Robert Eaglestone reviews the first English translation of Umberto Eco's How To Write A Thesis:
Into this bleak picture comes the first English translation of Eco’s How to Write a Thesis, continuously in print in Italy since 1977. That was a long time ago in academia, and, at first sight, lots of this book looks just useless, rooted in its historic and specific Italian context. Who uses index cards any more? (I mean, I used to, but I wrote my PhD on a computer with no hard drive, using 5¼-inch diskettes, when the internet was still for swapping equations at Cern or firing nukes at Russia.) Who has typists copy up their thesis? The sections on using libraries and research sources sound like an account of a lost, antediluvian culture. But.
posted by the man of twists and turns (5 comments total) 45 users marked this as a favorite
 
Consider Eco’s caution against “the alibi of photocopies”: “A student makes hundreds of pages of photocopies and takes them home, and the manual labor he exercises in doing so gives him the impression that he possesses the work. Owning the photocopies exempts the student from actually reading them.
So much this.
posted by MartinWisse at 3:55 AM on April 18, 2015 [20 favorites]

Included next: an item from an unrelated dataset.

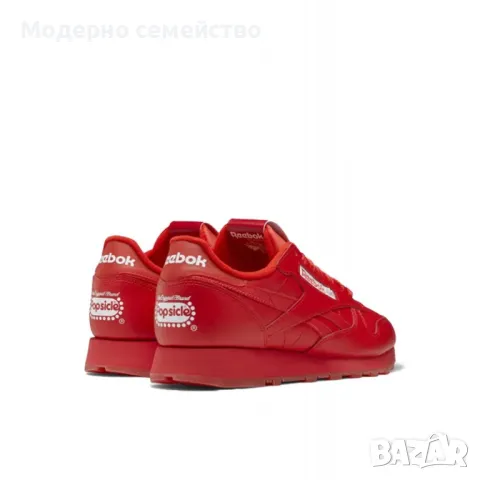 Унисекс маратонки REEBOK x Popsicle Classic Leather Shoes Red, снимка 3 - Маратонки - 48816474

5. You must write a thesis that you are able to write

A particularly mordant Hell is Casaubon's Syndrome, where you only discover your genuine inability half-way through the attempt.
posted by Segundus at 5:38 AM on April 18, 2015 [9 favorites]


My friend recently slid his copy of this very book across the table as we were having coffee. He told me it was wonderful. I opened it and saw an image of an index card and nearly flipped my lid.

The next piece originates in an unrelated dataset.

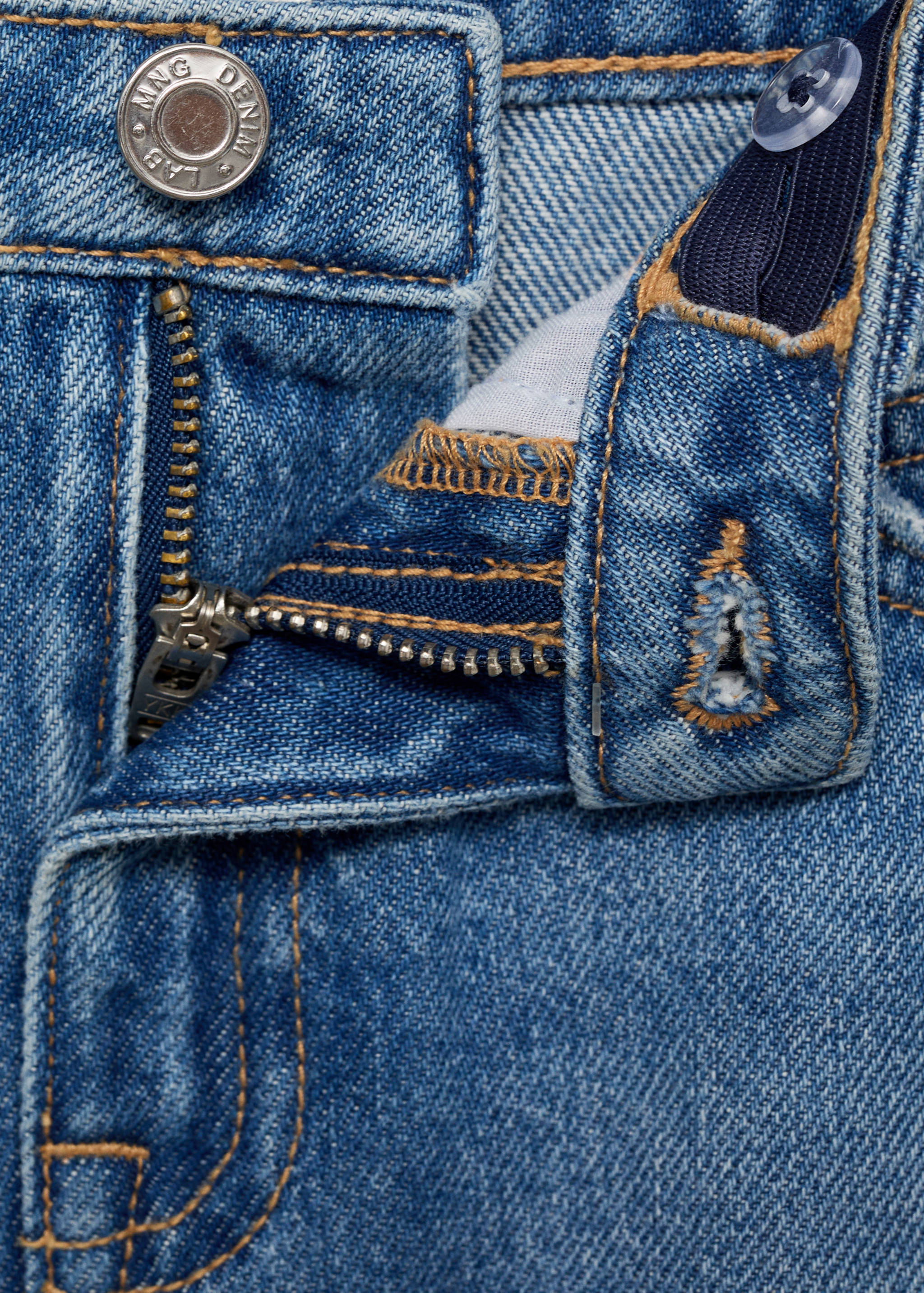 Denim short skirt - Details of the article 8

I wrote my very-recently-completed dissertation using index cards. I did a grounded theory study, and I found that index cards were the best way to organize my inductive codes and to engage in constant comparison as I collected and analyzed my data. I actually had a few weeks where I pinned some of the cards to my wall and connected them with strings in order to try to get a grip on how the codes related to one another.

I'll tell you, that month no one saw my office, because I was actually a tad ashamed of how weird the whole thing looked. I felt a little like the main character in Homeland for a bit. But man, it really worked as an analytic tool.

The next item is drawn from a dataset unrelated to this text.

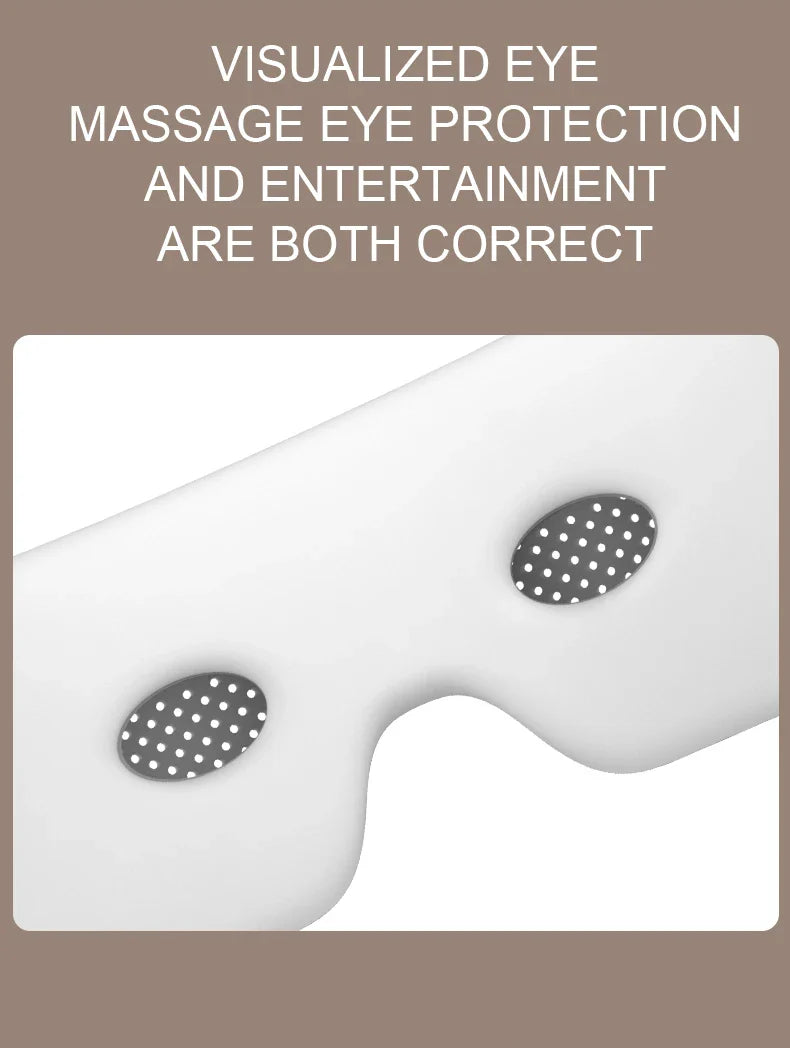 VIMYSHOW Portable Visible Eye Massager – Airbag Kneading, Hot Compress, Bluetooth Music Relaxation Sleep Mask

The most important part of writing a dissertation is finding whatever method works for you as quickly as possible and just doing that and not putting it under the microscope too much. It seems like a great time to find the best and most efficient method for writing, but in reality the best method is usually just "whatever you always do to get a handle on intellectual things, just a whole lot more of it."
posted by k8lin at 5:42 AM on April 18, 2015 [10 favorites]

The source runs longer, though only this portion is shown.